Now, the supposed purpose of a dyson sphere is to collect the energy from the star, and put it to good use doing ... something. But shortly after completion of this one, its builders (for whatever reason) flipped the switch from "collect" to "reflect". So instead of collecting the energy from the Sun, it's reflecting most of it back.

What about efficiency? Well, silver and can be up to 95% reflective, at least across the visible spectrum. Aluminum comes close at about 90%. I don't have numbers for materials reflecting non-visible spectrum energy, but since we're talking about dyson sphere level technology, lets handwave the composition of the reflective surface, and just say it reflects 90% of all forms of energy that strike the surface. Regardless of what form of energy it is, the surface reflects 90% of it back at the sun.

The remaining 10% of the energy, the part not reflected, is absorbed (collected) by the sphere, converted to heat, and then radiated into space on the outside of the Dyson sphere, and has no ill effect on the sphere itself.

Does this cause any changes in the star?

Best answers will include details of changes, if any, and explanations of why they take place, and the time-scales during which the changes manifest themselves. Or, explanations of why no changes take place.

Answer 1

The star will very slowly reach a new equilibrium.

The energy being reflected back will lead to an increase in the star's temperature, starting with the photosphere (which is opaque). The photosphere will become hotter, but there's next to no fusion going on there. The outer layers of the star will swell, and the total energy output will increase (this energy is just the reflected-back energy that gets reflected forward again because of Stefan-Boltzmann's law).

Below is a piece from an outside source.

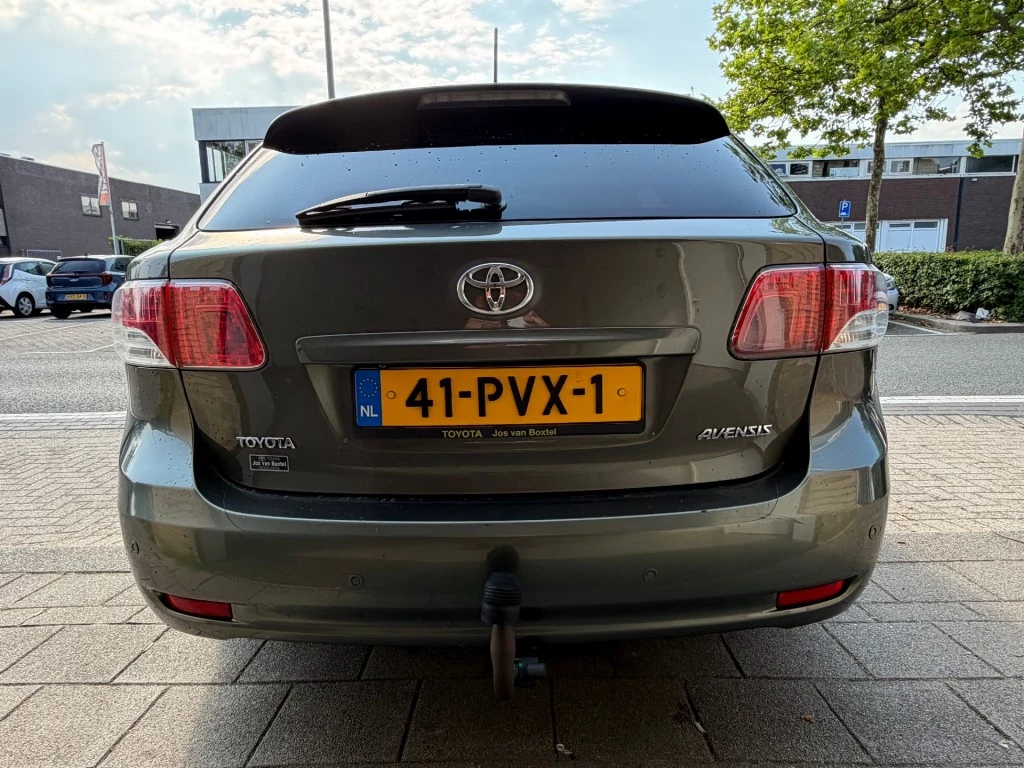 Hoofdafbeelding Toyota Avensis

Actually I think we can calculate this: the new equilibrium for the photosphere requires that the energy coming in from the Sun's insides is dissipated, but the dissipation just went down 90%. So the sun must radiate ten times as much, which means its temperature must increase 1.77 times, to about 11200 K (a blue-white star). Its volume should then approximately double (I'm playing fast and dirty with Clapeyron's equation for ideal gases, ignoring the gravity component altogether), which means its radius should increase roughly by 25%.

These two effects are really opposite (when the radiative surface increases, the radiated energy per unit surface must go down, so the temperature also needs to go down. So the final result will be a temperature of less than 11200 K - and a radius increase of less than 25%, but with back-of-the-envelope calculations I am unable to say how to split the difference).

The Dyson sphere, meanwhile, is intercepting more and more power, and will ultimately intercept what was, before, the full output of the star (it will still be 10% of the total output, but the total output has gone up by a factor of 10).

Slowly, the star will grow and become a strange blue-white demi-giant, while it will take hundreds of thousands of years for the extra heat to make its way to the star's core below the radiative layer.

When that happens, the solar core also will begin to swell (not so much actually), which will reduce its density. As a result, fusion events become less likely, until the power output will decrease, in a self-limiting process.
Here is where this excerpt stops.